Looks like the given limit is

$\displaystyle \lim_{n\to\infty} \left(\frac n{3n-1}\right)^{n-1}$

With some simple algebra, we can rewrite

$\dfrac n{3n-1} = \dfrac13 \cdot \dfrac n{n-9} = \dfrac13 \cdot \dfrac{(n-9)+9}{n-9} = \dfrac13 \cdot \left(1 + \dfrac9{n-9}\right)$

then distribute the limit over the product,

$\displaystyle \lim_{n\to\infty} \left(\frac n{3n-1}\right)^{n-1} = \lim_{n\to\infty}\left(\dfrac13\right)^{n-1} \cdot \lim_{n\to\infty}\left(1+\dfrac9{n-9}\right)^{n-1}$

The first limit is 0, since 1/3ⁿ is a positive, decreasing sequence. But before claiming the overall limit is also 0, we need to show that the second limit is also finite.

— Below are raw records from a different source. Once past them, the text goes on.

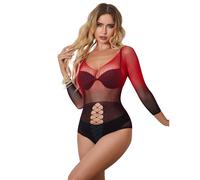 Lingerie Vestito a Rete Subblime - Manica Lunga, Rosso/Nero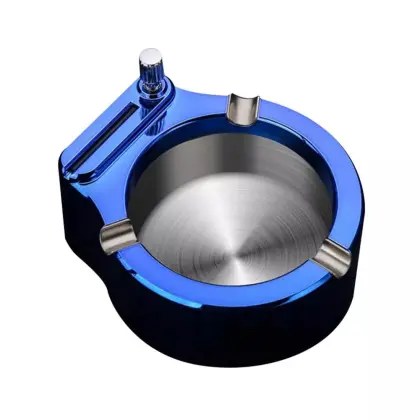 Retro Metal Ashtray with Ten Thousand Match Lighter - Smokeless Storage Holder
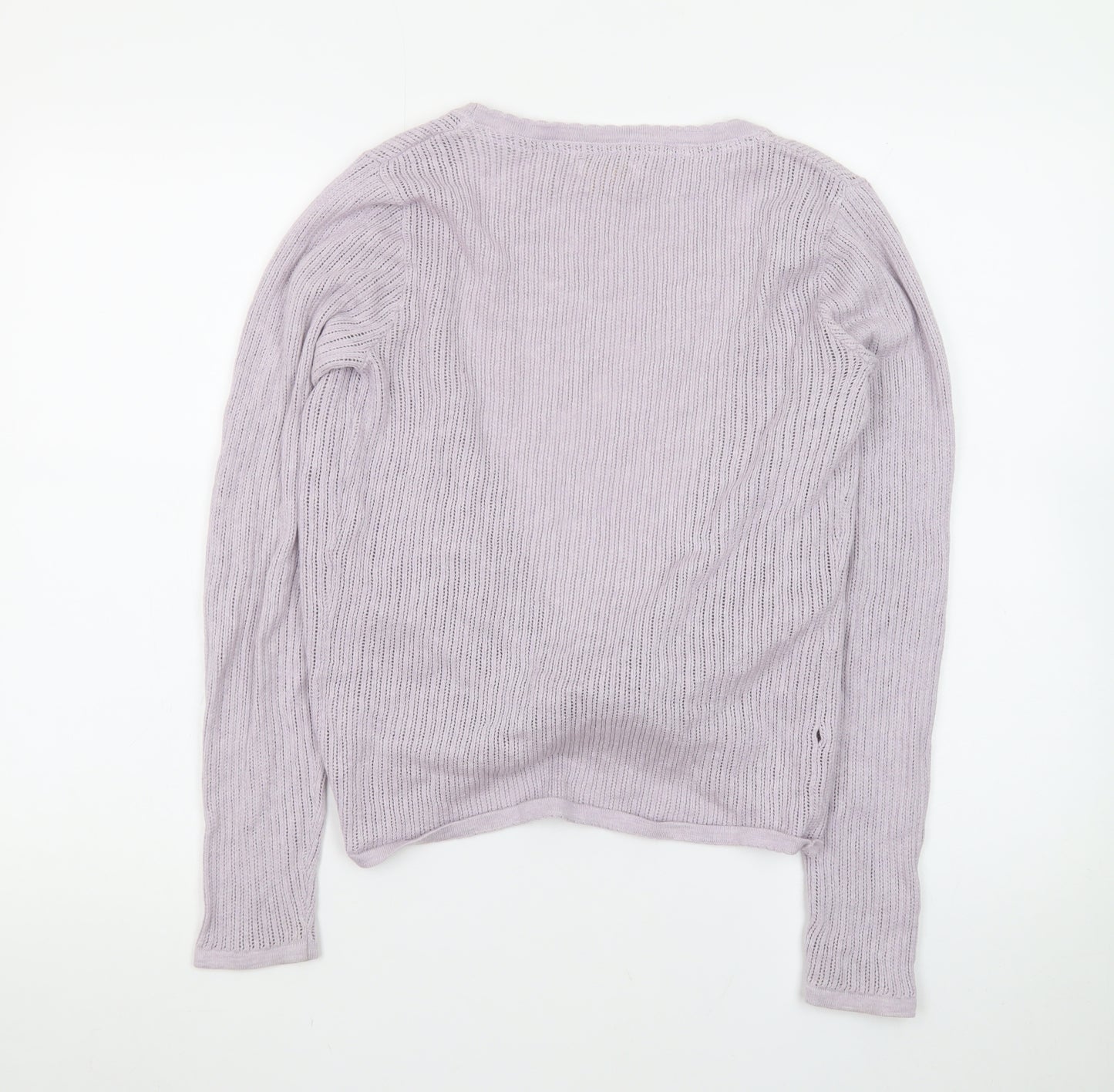 Fat Face Women’s Purple Knit Cotton Cardigan UK 8 V-Neck Tie Front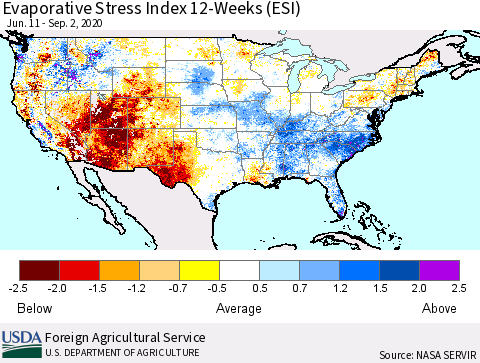 United States Evaporative Stress Index (ESI), 12-Weeks Thematic Map For 8/31/2020 - 9/6/2020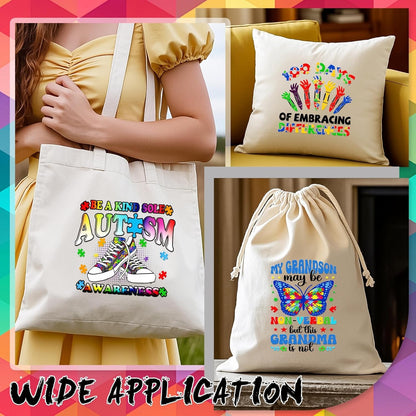 Dazoratix Autism Awareness Iron on Transfers - 30 Sheets DTF Ready to Press Puzzle Rainbow Heat Patches Animals Decals Vinyl Stickers for Kids Baby T Shirts Clothes Pillow Bag DIY Crafts Decorations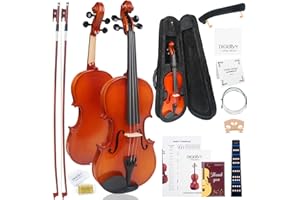 Violin 4/4 Full Size Kit for Beginners, Glossy Violin Fiddle Set for Students Age 12+ with Violin Case, Bow, Rosin, Fingerboa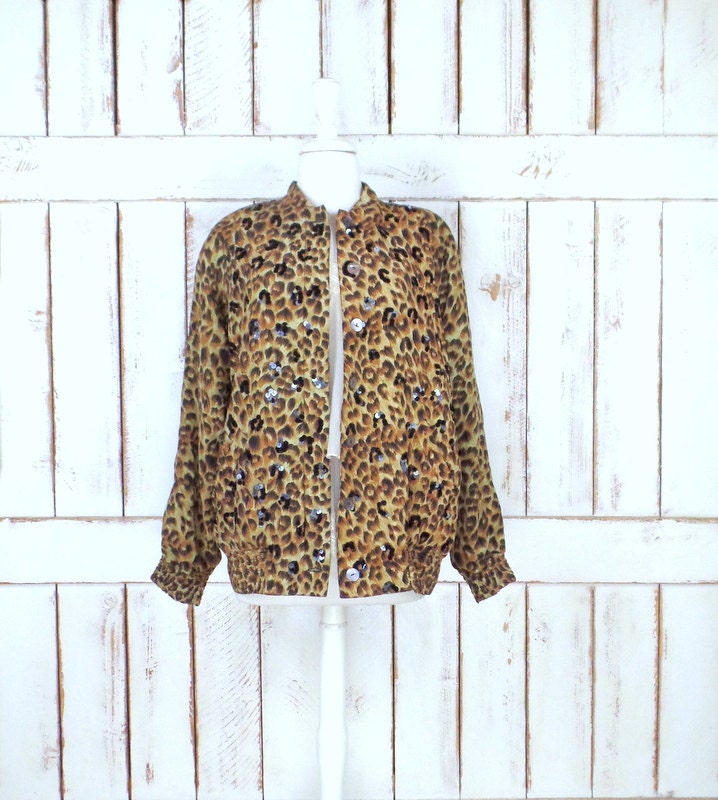 Vintage Leopard Print Sequin Beaded Silk Windbreaker Jogging Puffer Jacket/Silk Sports Jacket/Animal Flight Bomber Jacket/Medium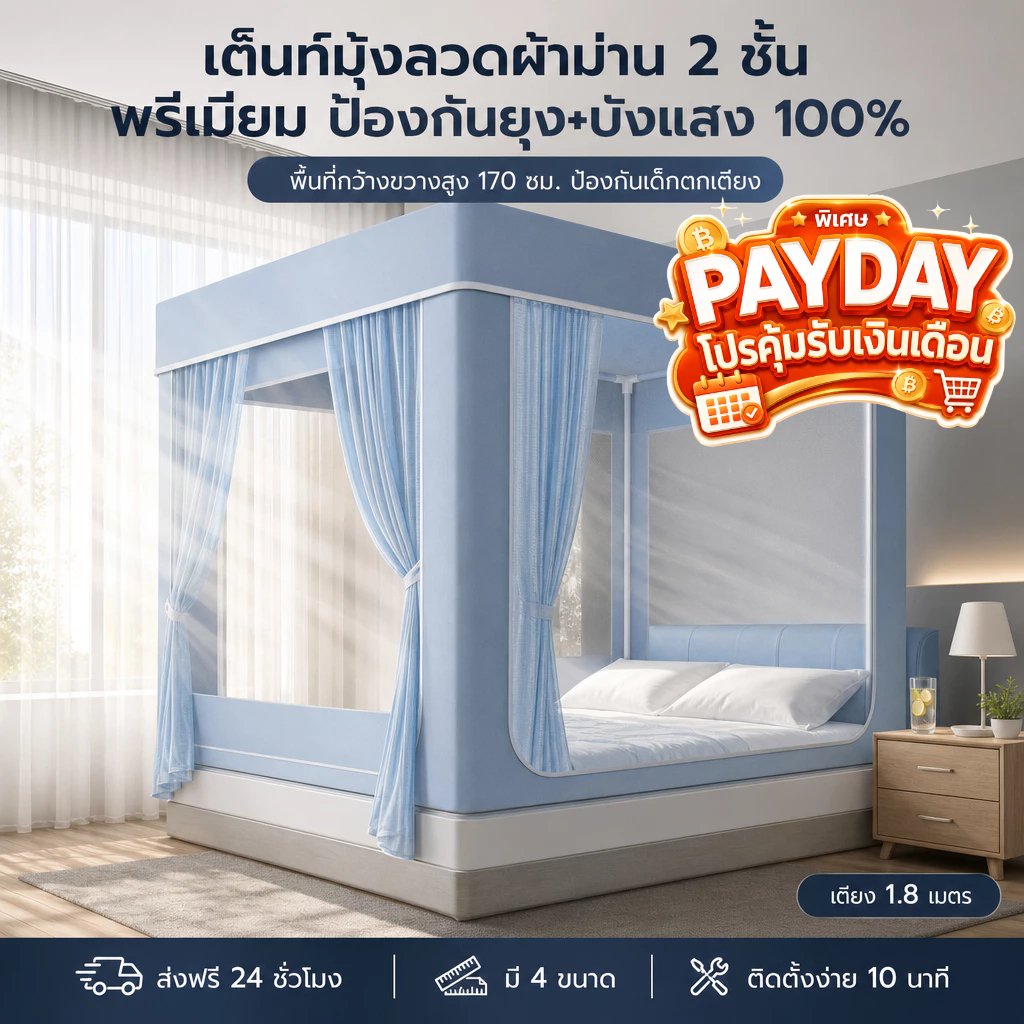 BOENIN มุ้งครอบผู้ใหญ่ 6.6ฟุต6ฟุต5ฟุต4ฟุต สามประตู มุ้งกันยุงแบบมีซิป กันแมลง พร้อมม่านเตียงรอบมุ้ง พกพาสะดวก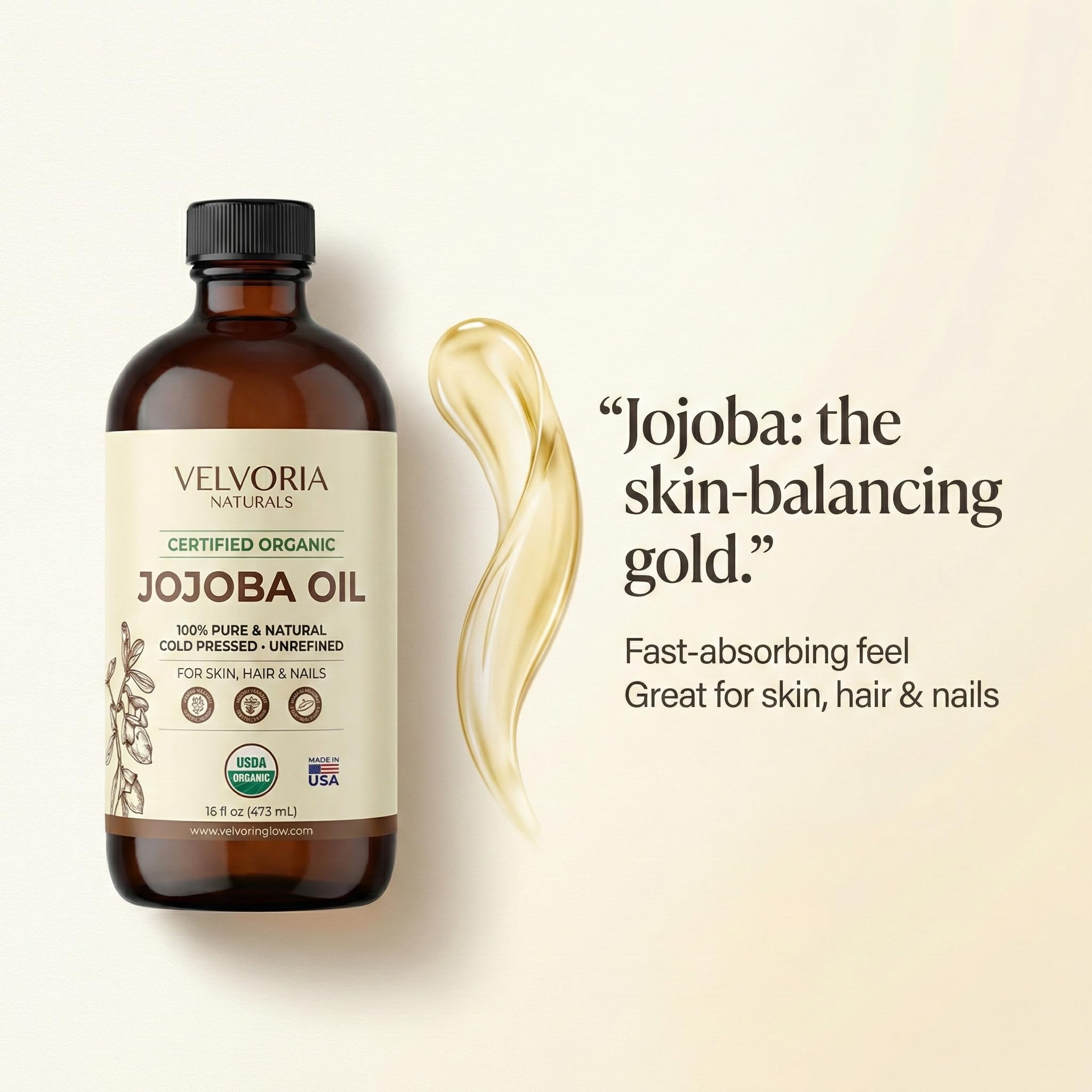 Velvoria Naturals huile jojoba usage visage, absorption rapide sans fini gras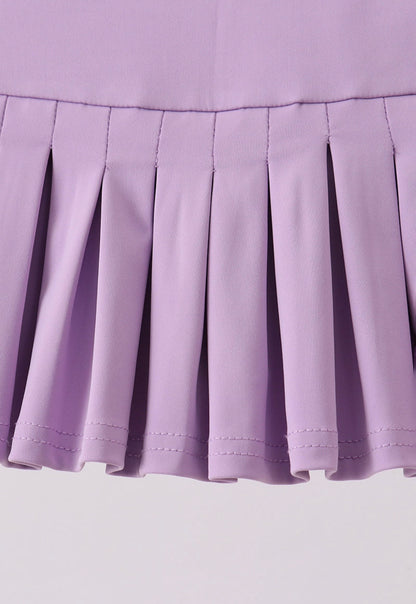 Purple Pleated Skort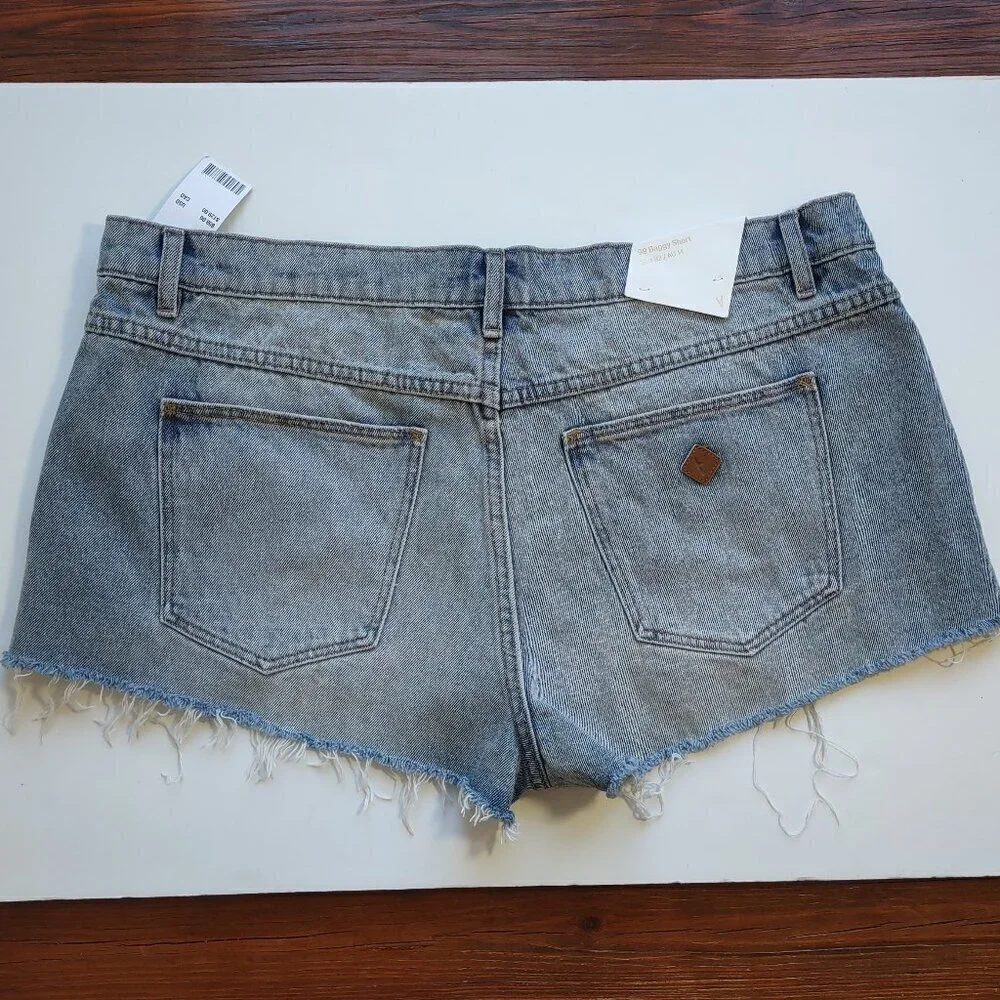 NWT Urban Outfitters Micro Denim Shorts Size 32 Mid-Rise Distressed Indie Beach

For the second limit, recall the definition of the constant, e :

$\displaystyle e = \lim_{n\to\infty} \left(1+\frac1n\right)^n$

To make our limit resemble this one more closely, make a substitution; replace 9/(n - 9) with 1/m, so that

$\dfrac{9}{n-9} = \dfrac1m \implies 9m = n-9 \implies 9m+8 = n-1$

From the relation 9m = n - 9, we see that m also approaches infinity as n approaches infinity. So, the second limit is rewritten as

$\displaystyle\lim_{n\to\infty}\left(1+\dfrac9{n-9}\right)^{n-1} = \lim_{m\to\infty}\left(1+\dfrac1m\right)^{9m+8}$

Now we apply some more properties of multiplication and limits:

$\displaystyle \lim_{m\to\infty}\left(1+\dfrac1m\right)^{9m+8} = \lim_{m\to\infty}\left(1+\dfrac1m\right)^{9m} \cdot \lim_{m\to\infty}\left(1+\dfrac1m\right)^8 \\\\ = \lim_{m\to\infty}\left(\left(1+\dfrac1m\right)^m\right)^9 \cdot \left(\lim_{m\to\infty}\left(1+\dfrac1m\right)\right)^8 \\\\ = \left(\lim_{m\to\infty}\left(1+\dfrac1m\right)^m\right)^9 \cdot \left(\lim_{m\to\infty}\left(1+\dfrac1m\right)\right)^8 \\\\ = e^9 \cdot 1^8 = e^9$

So, the overall limit is indeed 0:

$\displaystyle \lim_{n\to\infty} \left(\frac n{3n-1}\right)^{n-1} = \underbrace{\lim_{n\to\infty}\left(\dfrac13\right)^{n-1}}_0 \cdot \underbrace{\lim_{n\to\infty}\left(1+\dfrac9{n-9}\right)^{n-1}}_{e^9} = \boxed{0}$